Tracy drew Maya in HB pencil then added a few words and the rainbow in coloured pencils.

Paintings from April 2021

Some members were busy this month producing colourful selections of paintings on the themes of Greece and April’s own definition ‘to open’. Well done to all of you, it’s good to know how much you enjoyed painting at home by joining in with the suggested subjects. (PAOTM pictures of Murray Walker and Maya Angelou will be posted in a few days)

Jane has used oils to paint St.George’s Church in Lindos, Rhodes. Such good depth of field as she has used aerial perspective by painting the distant mountains in a cool purple and the foreground in brighter, stronger colours. It can’t come soon enough that we can travel again to distant lands!

Juliet has painted open blossom on trees in an orchard using watercolours and watercolour pencils. We could just step into the painting and walk amongst the fragrant trees.

Steve has painted open umbrellas in a fun and vibrant design using pen and watercolours. The painting works well with all the colours and shapes seemingly swirling around.

Susan painted this opening flower in watercolours and gouache on Indian watercolour paper which soaks in the paint and gives an interesting texture to the painting. A very delicate painting.

Dot painted an iris in watercolours on A4 watercolour paper and the daffodils and tulips in Brusho on smaller pieces of paper. Such well observed paintings of colourful flowers.

Tracy kept busy in April, loving painting pictures of Greece as it reminded her of holidays in the past. All paintings on Saunders Waterford 300gsm watercolour paper 5″ x 7″.

The first two paintings are of the Church of the Panagia (Our Lady) in Lindos, Rhodes. One in watercolours and one in gouache, giving different effects. Which one do you prefer?

The flowerpots with olive trees in are on a staircase in a shaded inner courtyard in the Palace of the Grand Master of the Knights of Rhodes in Rhodes Old Town. The Old Town is well worth visiting as narrow, mediaeval lanes twist and turn and it’s all very photogenic.

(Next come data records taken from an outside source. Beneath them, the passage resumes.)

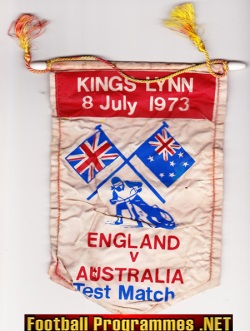 England v Australia Speedway Final Pennant Flag Kings Lynn 1973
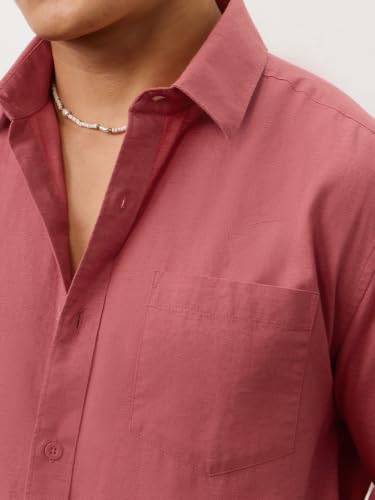 Image of The Souled Store Cotton Linen: Men and Boys Long Sleeve Spread Collar Solid Cotton Relaxed Fit Easy to Style Everyday Office Wear Cotton Linen Shirts
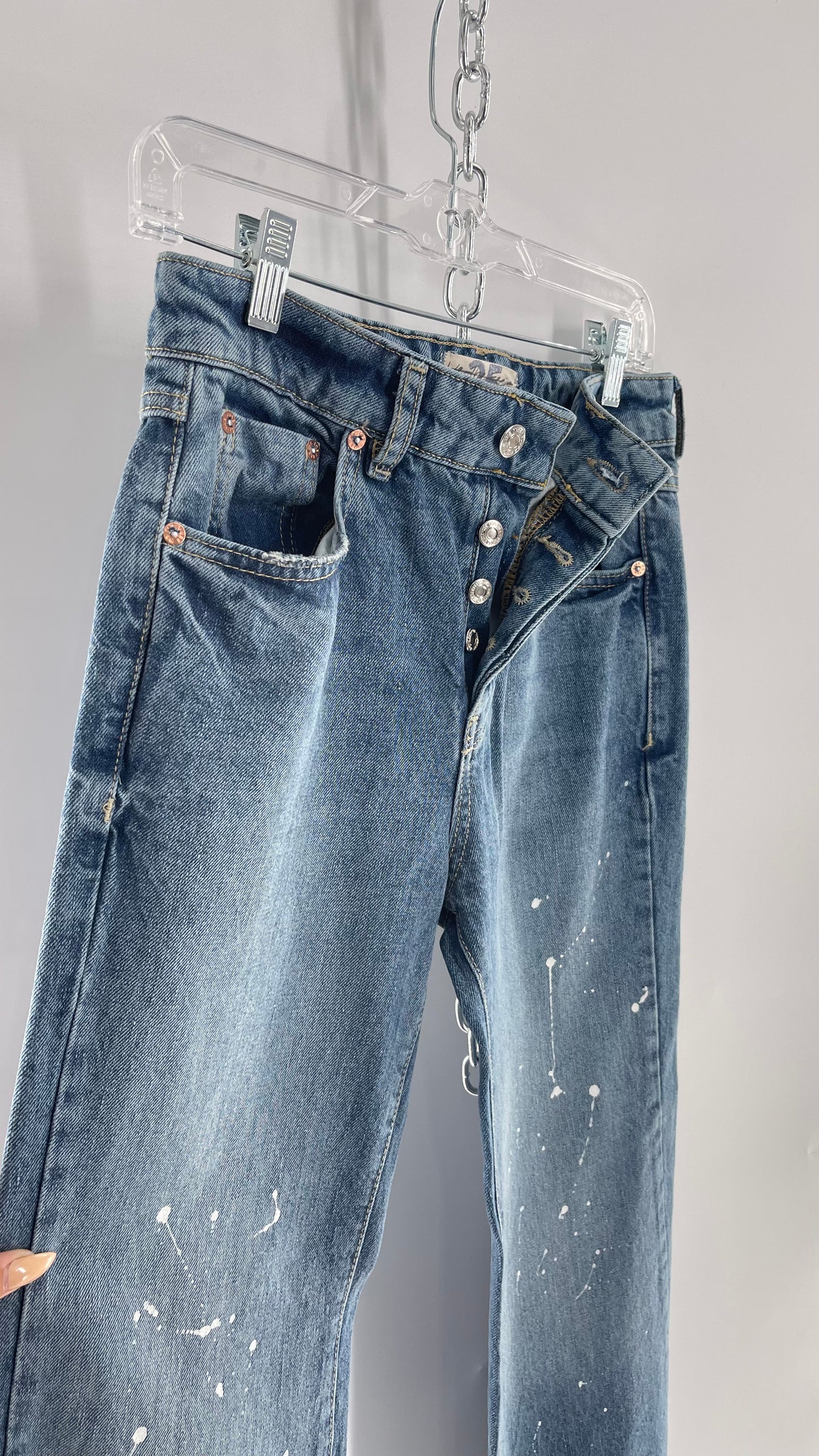 Free People Light Wash Straight Leg Jeans with Distressed Hem, Double Pockets and White Paint with Tags Attached (25)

Tracy thought painting the whole of the Parthenon on the Acropolis in Athens was rather too complicated so painted a corner of it, trying a looser style than usual, taking inspiration from the Korean artist Sunga Park. Do look at her amazing art work as it’s both very loose and detailed at the same time… parksunga.com

Two final painting, this times on the theme of opening. Some magnolia flowers in watercolours and daffodils in an old coffee pot in gouache in a naive style.

George’s paintings

George has been busy and finished four more oil paintings. The first two were started long ago but he’s pleased to have had the time to complete them.

Here is ‘A Sharpe Lookout’ and ‘Forest Pool’

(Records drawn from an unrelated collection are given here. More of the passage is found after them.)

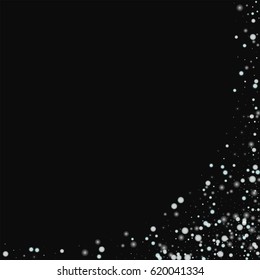 Beautiful falling snow. Abstract right bottom corner on black background. Vector illustration.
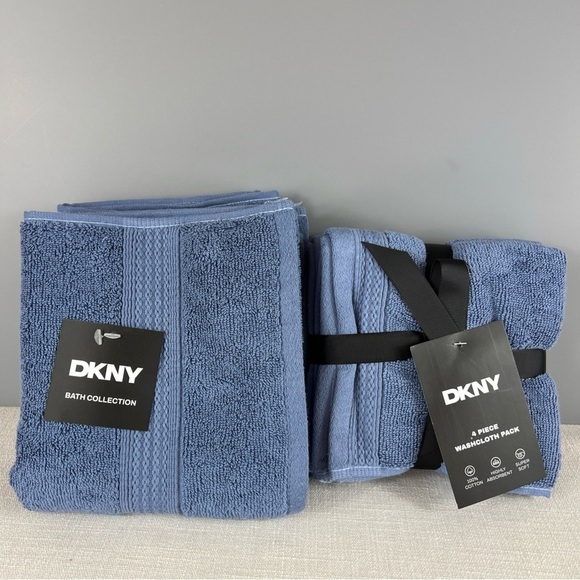 DKNY 6 Piece Set 2 Hand Towels 4 Washclothes Blue 100% Cotton Super Soft NEW - Picture 1 of 7
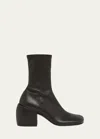 DRIES VAN NOTEN LAMBSKIN ZIP BLOCK-HEEL BOOTIES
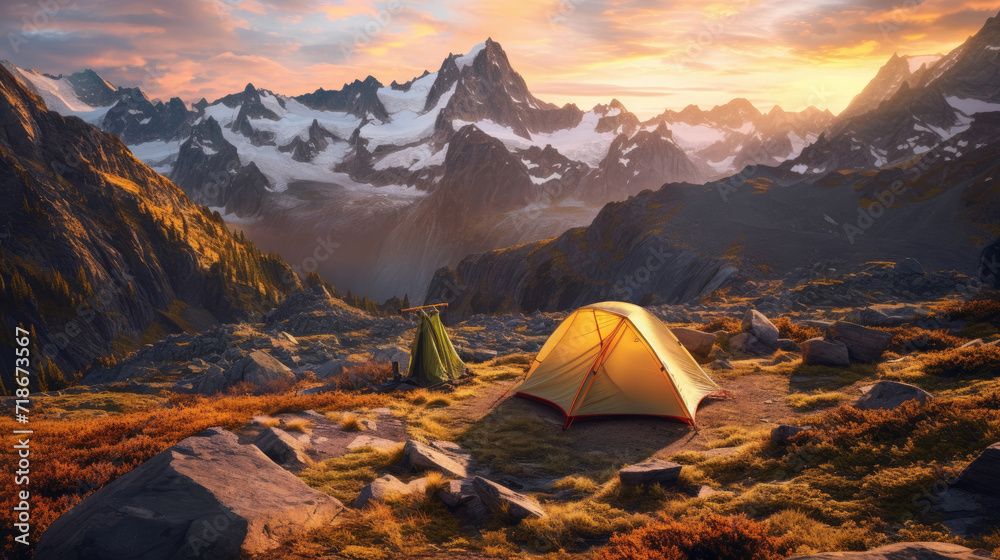 A campsite against a panoramic mountain background at sunrise - obrazy, fototapety, plakaty 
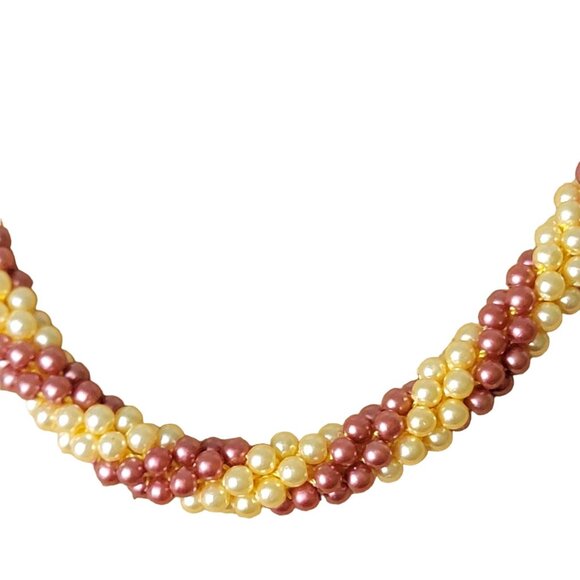 Vintage 60s Beaded Necklace Women Jewelry Gold Pink Peach Beads Formal 17 inch - Picture 1 of 13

Here are two paintings from images taken by the Hubble telescope. George says that they are an experiment and the nearest he will ever get to an abstract!

Angela M’s Easter Cross

Twelve years ago Angela M was in her last year of Pastoral Counselling Training at Launde Abbey in Leicestershire which she attended once a month. She had a free afternoon and was just going to go for a walk to reflect on the morning’s session when she noticed, behind a shrub, a naturally formed cross that had ivy growing up it.

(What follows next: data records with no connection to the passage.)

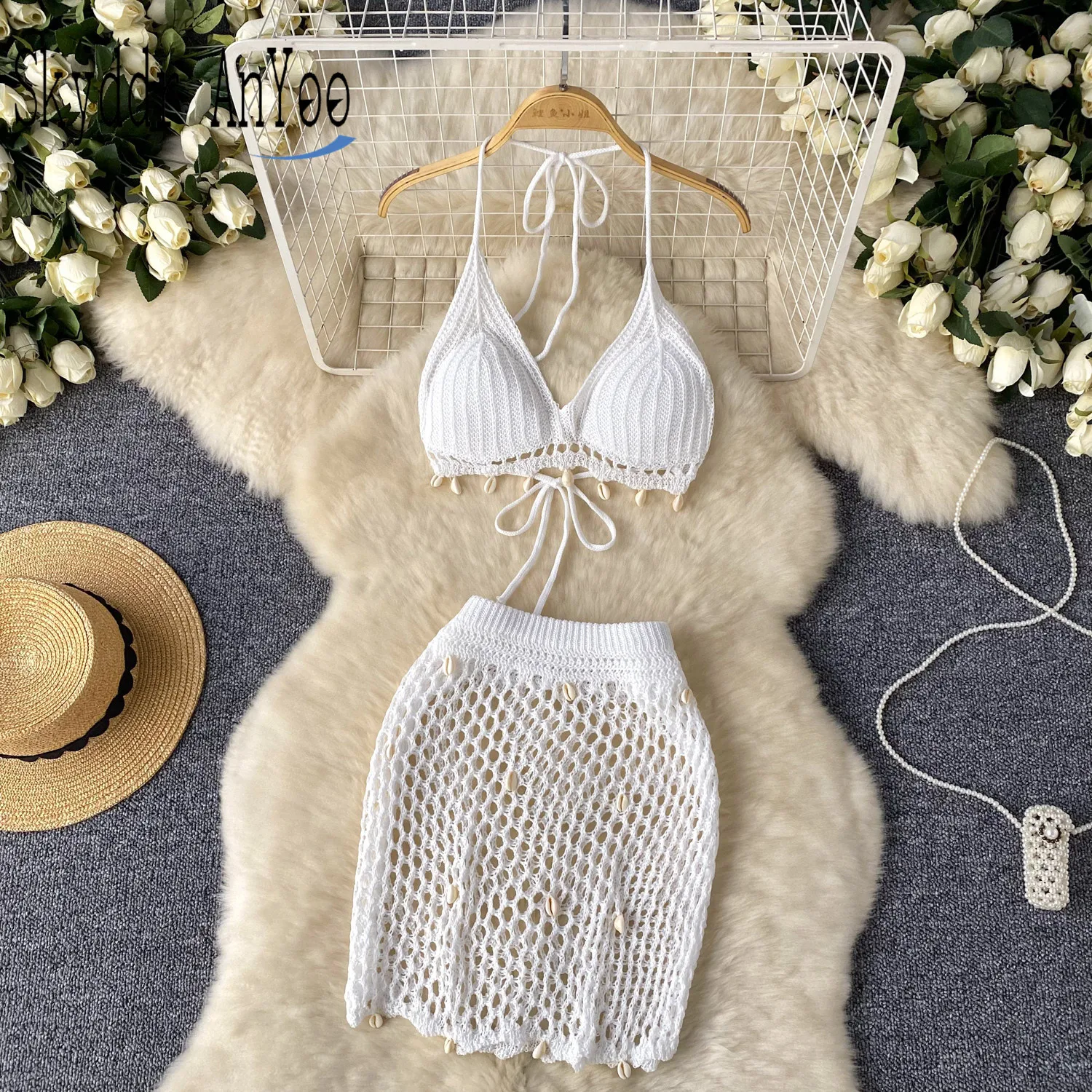 

Beach Holiday Women 2 Piece Set Outfit Summer Boho Sexy Two Piece Skirt Set Cropped Top And Hollowed Out Mini Skirt Suits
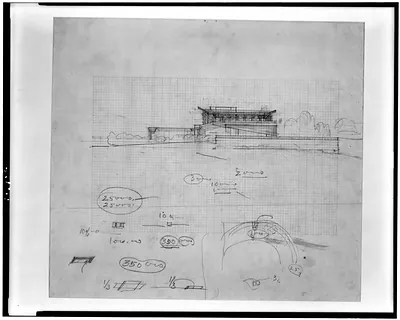 Pencil architectural sketch of a building on grid paper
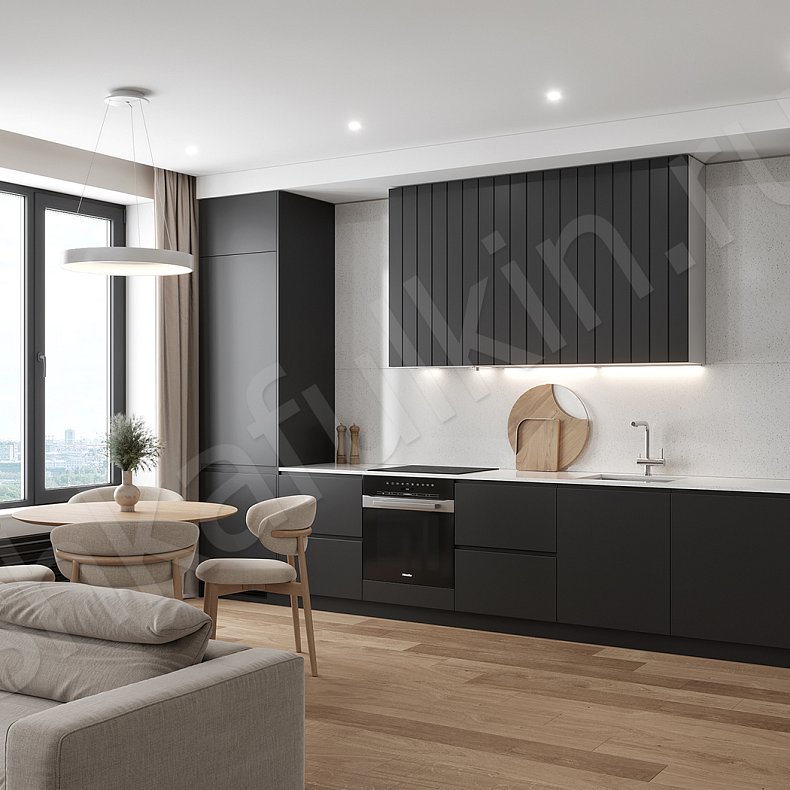 Кухня Пиколетто Черный Светлые Темные Зеленый    Для посуды 2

Angela knew she had to draw the cross and completed it in graphite in 3 hours. It was her first foray into the art world and she has enjoyed drawing and painting ever since. The picture is put up in her home every year at the beginning of Lent, through Easter until Pentecost.

It’s a very apt piece of artwork to put on the blog today as it is Easter Sunday. Thank you, Angela, for sharing your Easter Cross picture with us.